Bailout in the Balance as Pakistan Meets With IMF Officials

(Bloomberg) -- Pakistan’s government will meet with International Monetary Fund officials on Thursday with a potential bailout looking increasingly likely, according to a member of the country’s Economic Advisory Council.

An IMF visiting delegation will sit down with Pakistani officials at 11 a.m. in Islamabad, according to the finance ministry. While the talks are part of routine Article IV discussions, Pakistan’s need for external funding and its widening current-account and fiscal deficits will likely loom over the meeting.

“Pakistan’s economy has never been in such a bad shape,” Ashfaque Hasan Khan, an economic adviser to the government and the dean at the business school of Islamabad’s National University of Sciences and Technology, told Bloomberg. Khan said the lack of drastic changes or spending cuts in a revised budget presented this month suggested “perhaps the government has decided to go to the IMF.”

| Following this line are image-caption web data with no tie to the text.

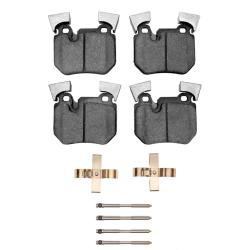 DYNAMIC FRICTION 1115137201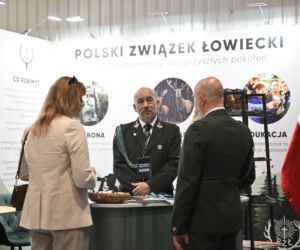 Warszawskie Targi Obronne 2026. Wojsko, służby i nowoczesne technologie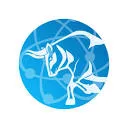 Marketing By Bulls logo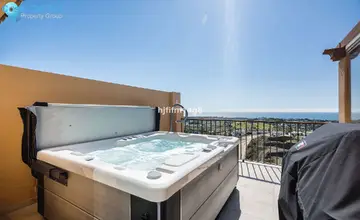 2 bedroom Apartment for Sale in Benahavís-5047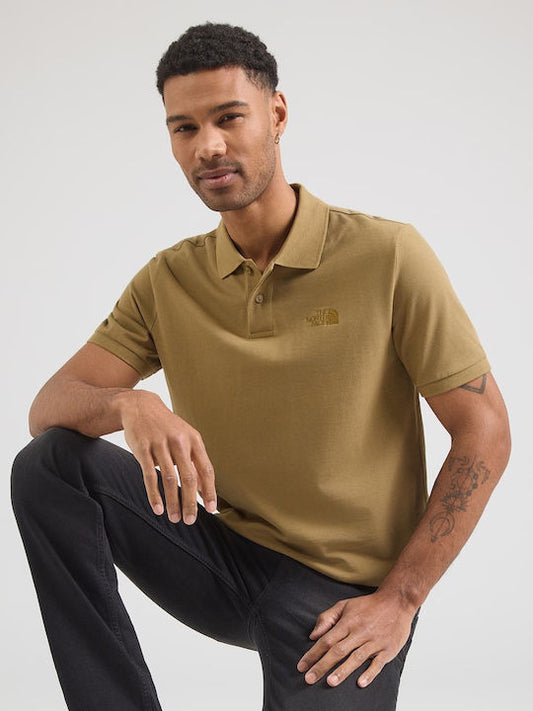 POLO ESSENTIAL REGULAR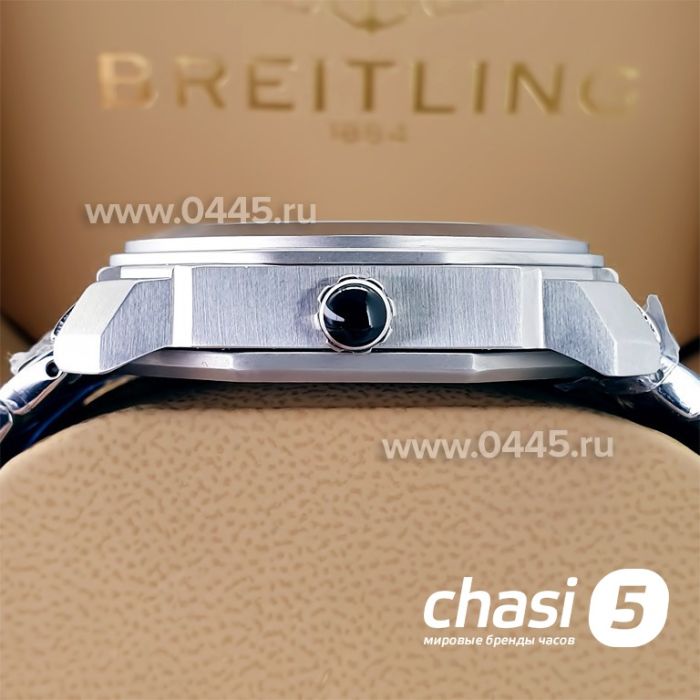 Часы Bvlgari (21903)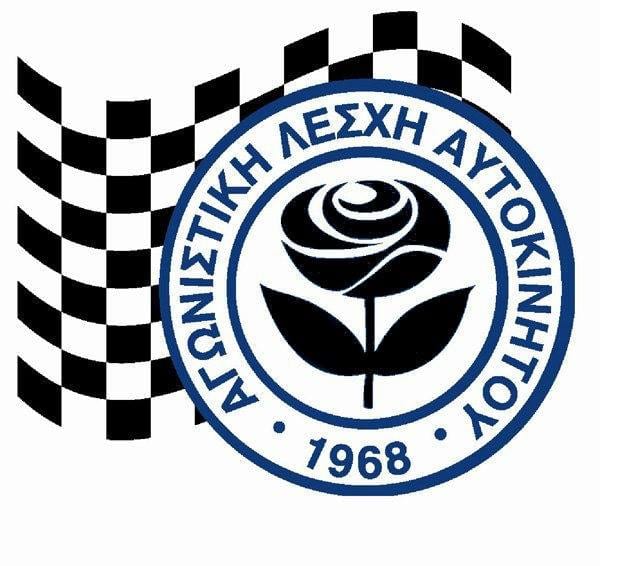 Αναβολή Αγώνα Ταχύτητας Μεγάρων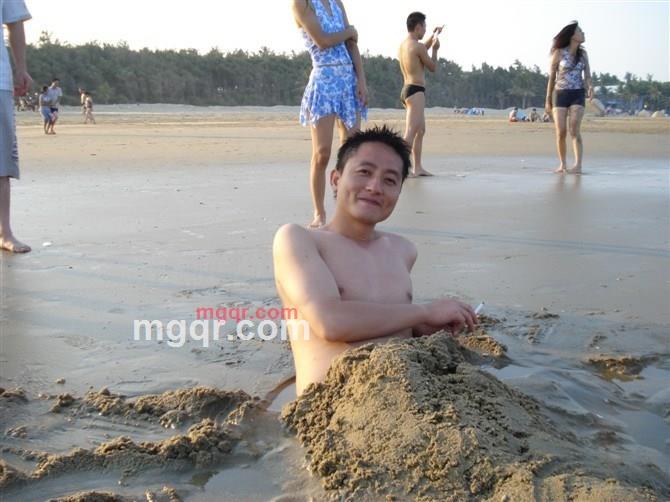 猴子2011的第1张照片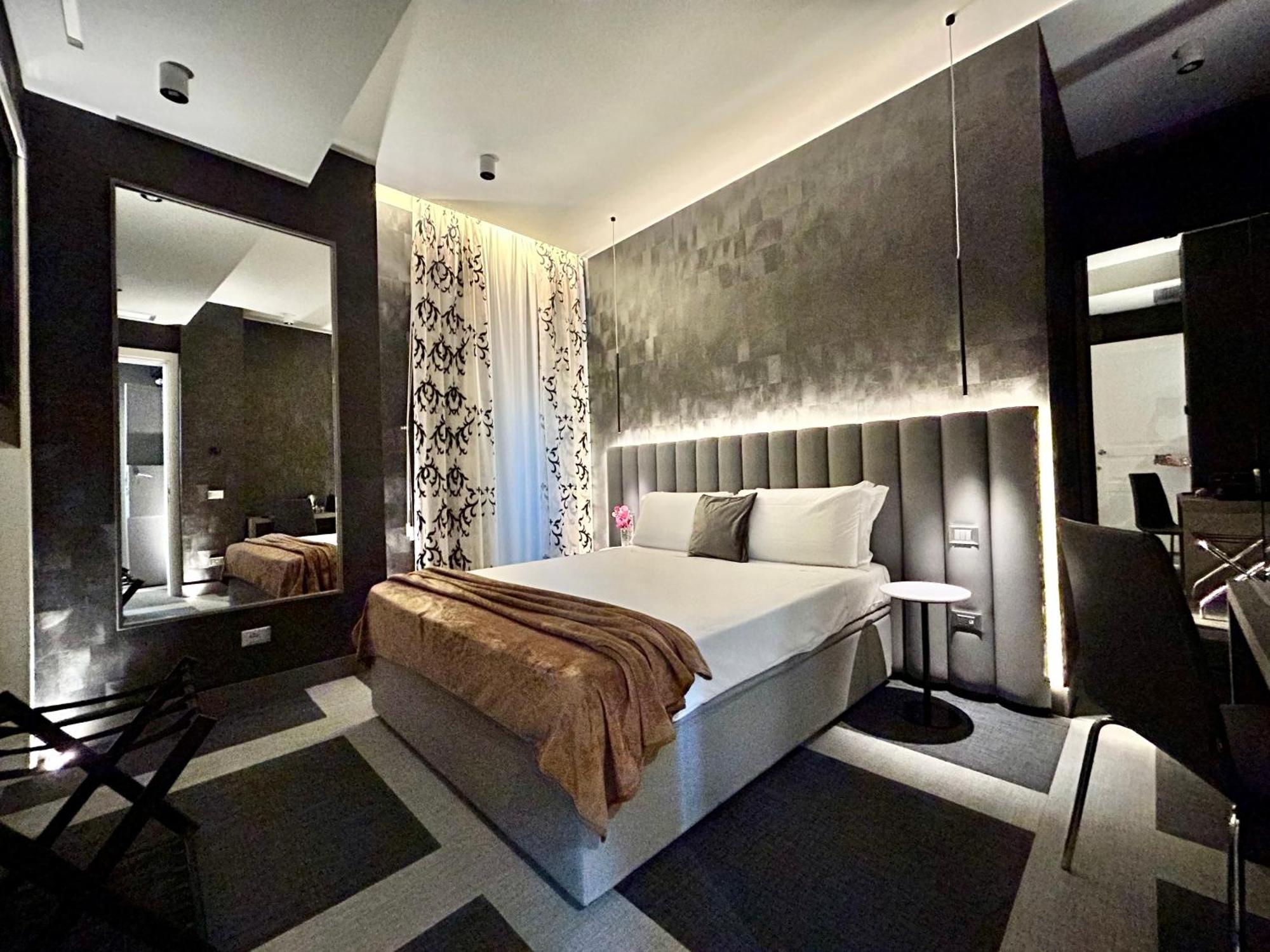 Private Luxury Gasthof 2*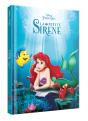 La Petite Sirène - Preview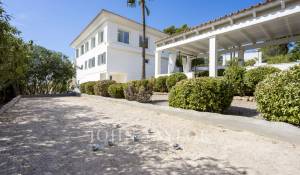 Vendita Villa Palma de Mallorca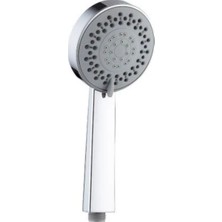 Tondo Duş Başlığı 55095 Tema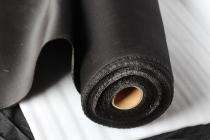 Hemnil Protection Graphite Welding Blanket HPBLK 1.7 mm_0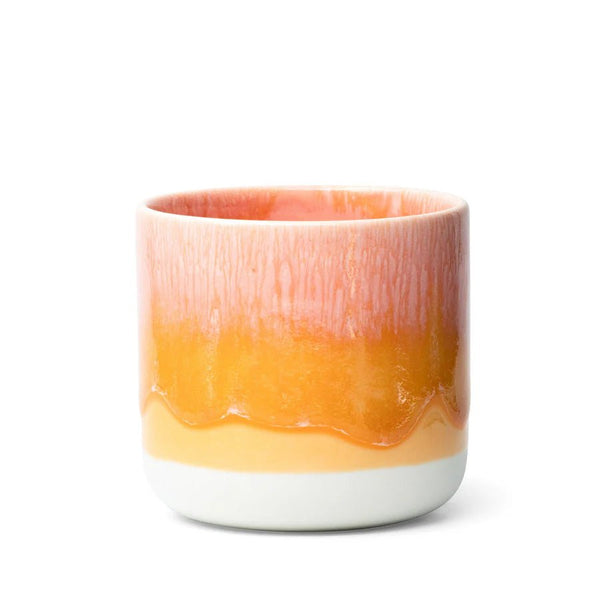Mandarin - Quench Cup from Studio Arhoj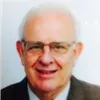 Peter Wiseburgh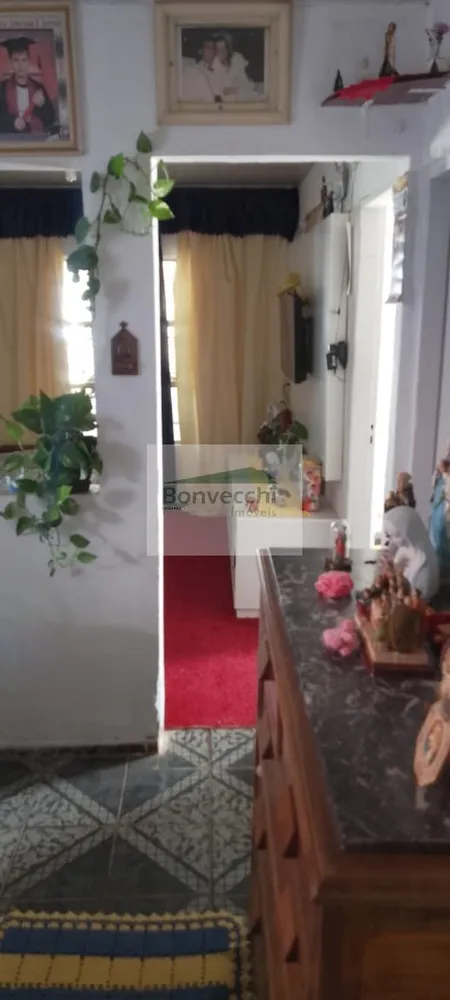 Chácara, 1 quarto, 666 m² - Foto 17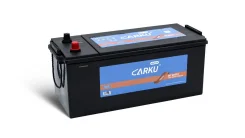 Carku. 190��.�., F51, 1 200��., ������, ������������ ����� ����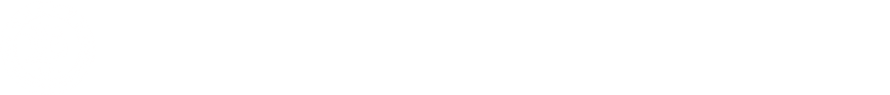 四川文理学院国有资产管理处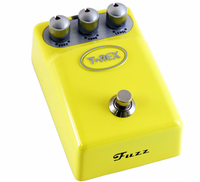 T-Rex Engineering ToneBug Fuzz
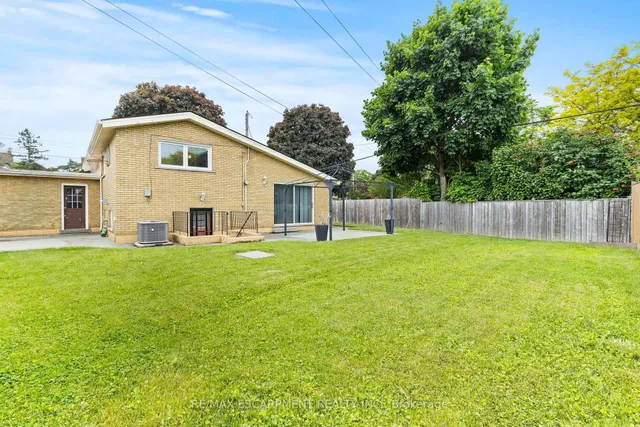 Additional property image - 61 Orphir Rd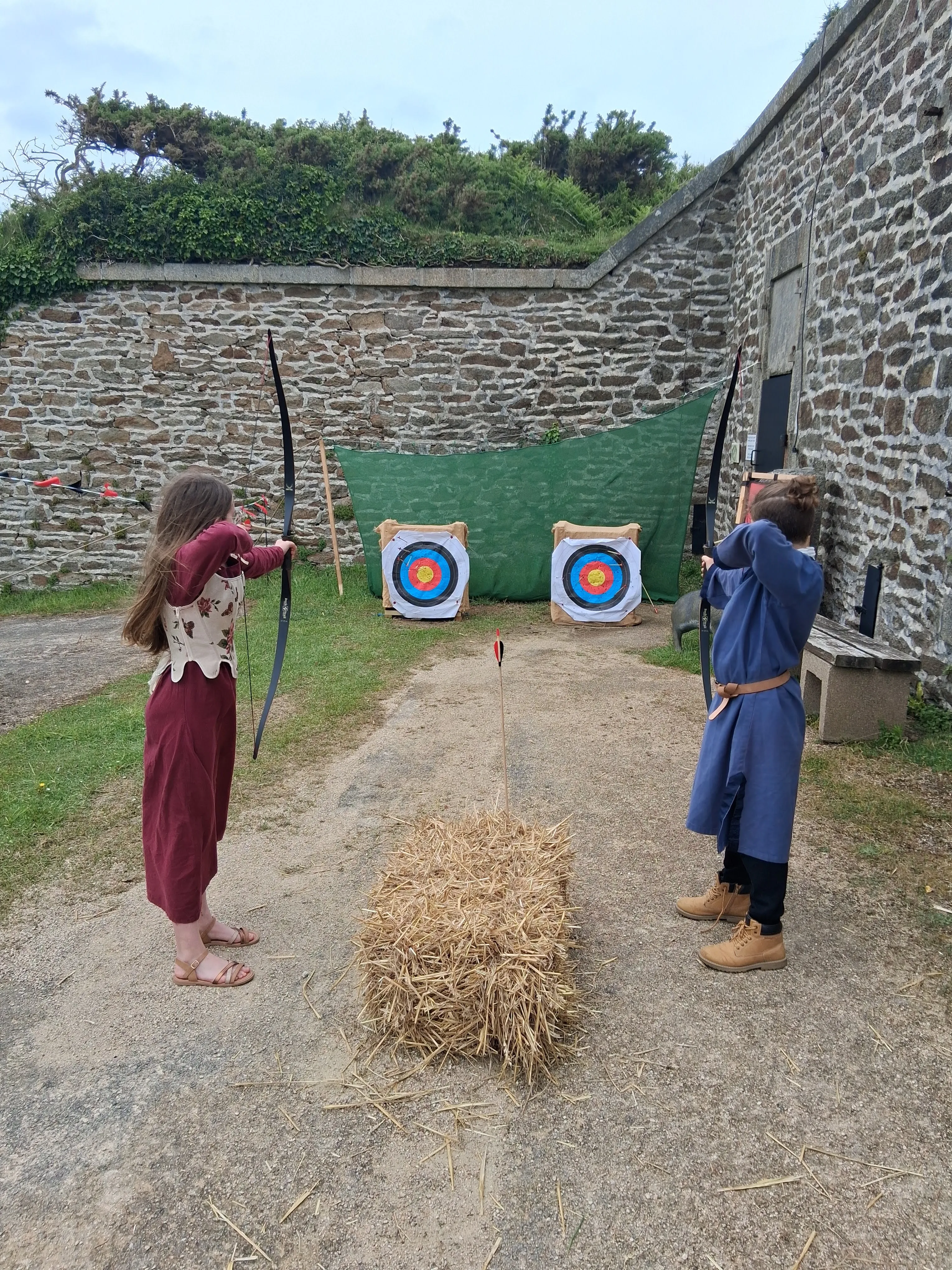 Viking Photo 090
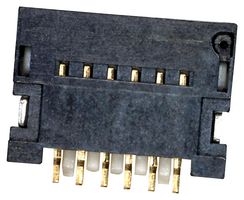AMPHENOL COMMUNICATIONS SOLUTIONS 59453-062110ECHLF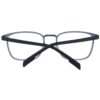 Unisex' Spectacle frame Reebok RV9526 5103 - Image 3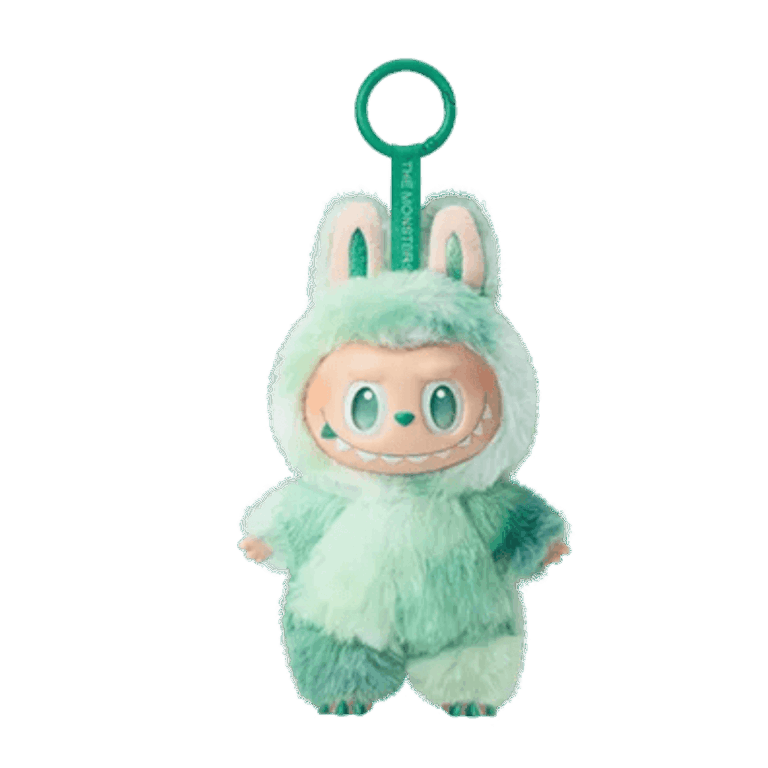 Luck Plush Labubu Big Into Energy Serenity Plush 768x768 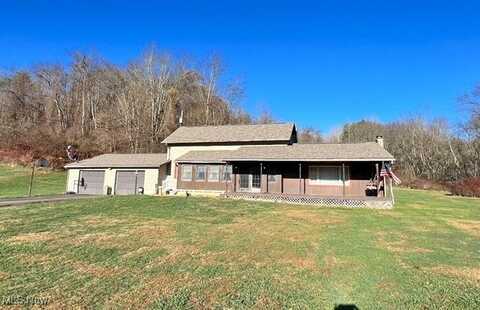 1856 Midvale Mine Road SE, Dennison, OH 44621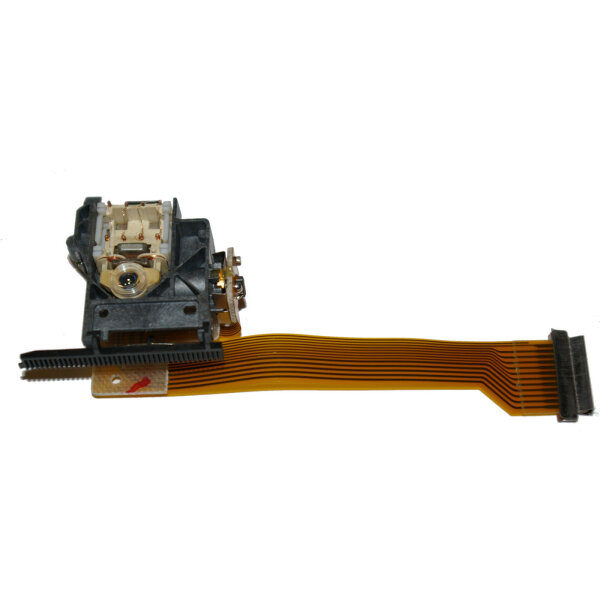 Lasereinheit / Laser unit / Pickup / für AUDIOLAB : 8000-CDE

So far, Prime Minister Imran Khan has signaled reluctance to seek aid from the IMF, which may come with considerable constraints. After Khan’s July election victory, U.S. Secretary of State Mike Pompeo said he would oppose the use of IMF funds to pay off billions of dollars of opaque Chinese loans that Pakistan has taken on. The former cricket star has been trying to drum up cash from friendly countries -- including China and Saudi Arabia -- as well as making appeals to its diaspora as he seeks to roll out an “Islamic welfare state.”

Deep Problems

The government has deep problems to fix. Less than 1 percent of the nation’s more than 200 million people file tax returns, foreign-currency reserves have plunged by a third this year to below $10 billion, the current-account deficit stands at more than 5 percent of gross domestic product and the rupee is down 12 percent against the dollar this year. It’s a familiar pattern for South Asia’s second-largest economy, which has taken 12 IMF loans since the late 1980s.

Finance Minister Asad Umar told Bloomberg last month that he estimated Pakistan may need more than $12 billion and a decision on where to source funds had to be made by September. However, the government’s economic advisory body has only held one meeting so far and has yet to discuss a bailout or whether to ask the IMF for support, said Ashfaque Hasan Khan.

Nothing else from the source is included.